2) M. A______ a déposé une demande d'asile le 21 mai 2013, rejetée par décision du 28 juillet 2017 du Secrétariat d'État aux migrations (ci-après: SEM), qui a prononcé son renvoi. Cette décision est entrée en force le 4 septembre 2017. La prise en charge de l'intéressé et l'exécution de son renvoi ont été confiées au canton de Genève.

3) Le 26 mai 2020, M. A______ a été arrêté par les service de police au Cimetière des Rois, à Genève, alors qu'il sortait de la résidence sise rue D______, appartement 1______, à Genève. La perquisition dudit appartement a mis en évidence la découverte de 135,5 grammes de haschich, 2,3 grammes de cocaïne, 6,8 grammes de marijuana ainsi qu'un passeport tunisien au nom de A______.

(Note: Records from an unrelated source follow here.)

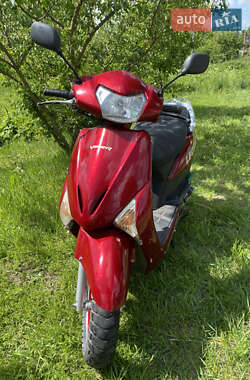 Мопеди Viper Legend 2008 в Коропі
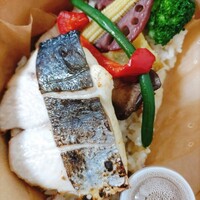 Chez T’S - サワラ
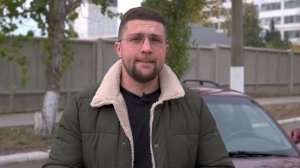 Daewoo Nubira — НАДЁЖНЫЙ и дешёвый универсал. И ещё, немножко, ржавый.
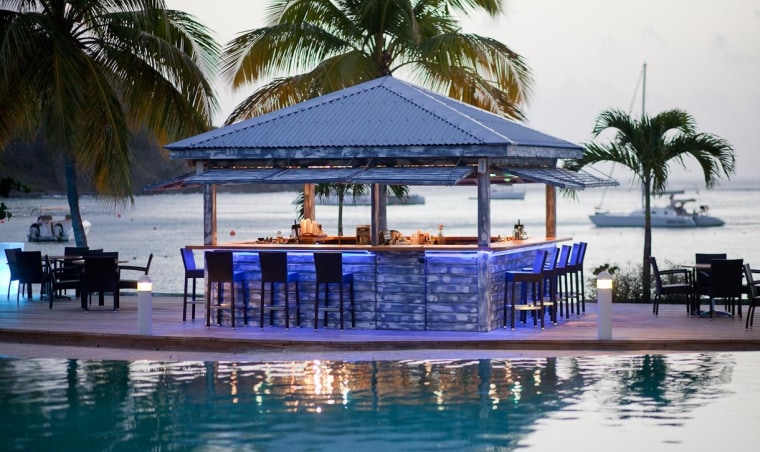 Image: Radisson Blu Resort, Marina & Spa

M. A______ a refusé de répondre aux questions de la police sans la présence de son avocat, resté injoignable.

Madame E______, ressortissante de Guinée-Bissau et du Portugal, domiciliée dans l'appartement en question, entendue le même jour par la police, a déclaré être en couple avec M. A______ depuis septembre 2019. Elle l'hébergeait depuis trois mois. Elle ne savait pas grand-chose de lui, si ce n'était qu'il cherchait du travail et souhaitait se marier avec elle. Elle ignorait tout de la drogue retrouvée dans son appartement à l'exception de la marijuana, destinée à sa propre consommation.

4) Le même jour, M. A______ s'est vu notifier par la police une interdiction d'entrer en Suisse émise par le SEM le 1er décembre 2017 et valable jusqu'au 30 novembre 2020.

5) Le 27 mai 2020, M. A______ a été condamné par ordonnance pénale du Ministère public à une peine pécuniaire de 90 jours-amende, pour infraction à l'art. 115 al. 1 let. b LEI et à une amende de CHF 300.- pour infraction à l'art. 19a ch. 1 LStup, puis a été libéré.

6) Le 27 mai 2020, également, en application de l'art. 74 LEI, le commissaire de police a prononcé à l'encontre de M. A______ une mesure d'interdiction de pénétrer dans une région déterminée (interdiction d'accès au centre-ville de Genève) pour une durée de douze mois.

7) M. A______ a formé opposition contre cette décision auprès du Tribunal administratif de première instance (ci-après : TAPI).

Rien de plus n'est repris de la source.